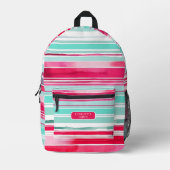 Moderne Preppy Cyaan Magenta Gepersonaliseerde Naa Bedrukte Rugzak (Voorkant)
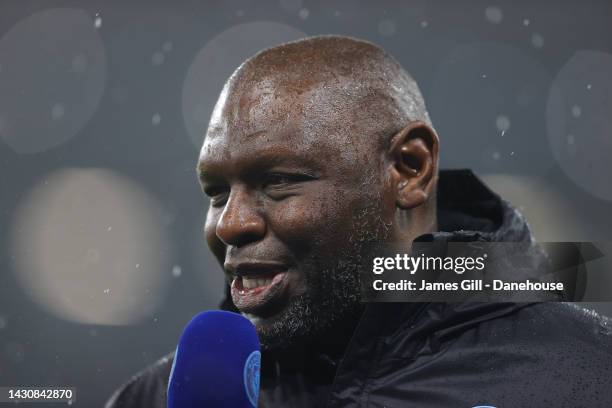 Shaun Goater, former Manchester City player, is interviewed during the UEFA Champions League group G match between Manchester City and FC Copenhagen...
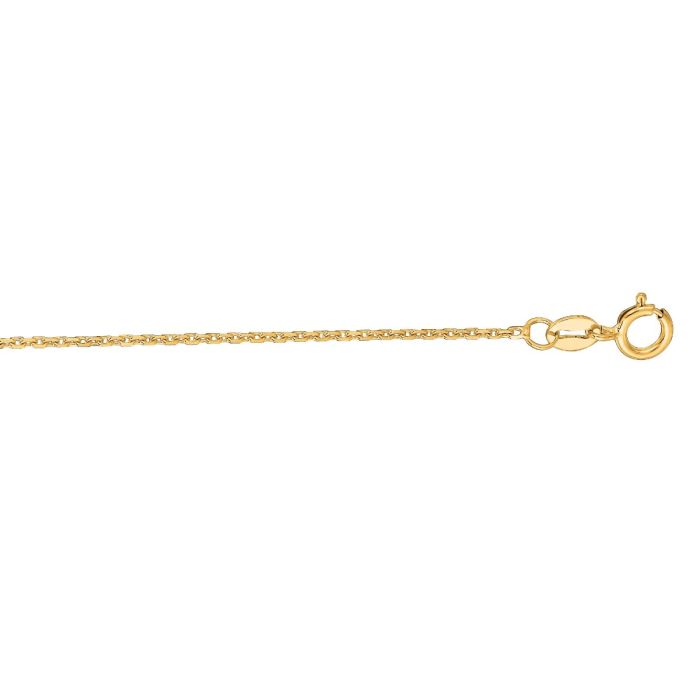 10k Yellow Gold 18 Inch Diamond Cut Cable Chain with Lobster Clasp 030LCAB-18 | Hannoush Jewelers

▬▬▬▬▬▬▬▬▬▬

> [What you will do]
Setting the pictures aside, return exactly the lines from the line with "Shaun Goater, former" through the last line of the listing above.

> [Solution to the exercise]
 Shaun Goater, former Manchester City player, is interviewed during the UEFA Champions League group G match between Manchester City and FC Copenhagen...
 10k Yellow Gold 18 Inch Diamond Cut Cable Chain with Lobster Clasp 030LCAB-18 | Hannoush Jewelers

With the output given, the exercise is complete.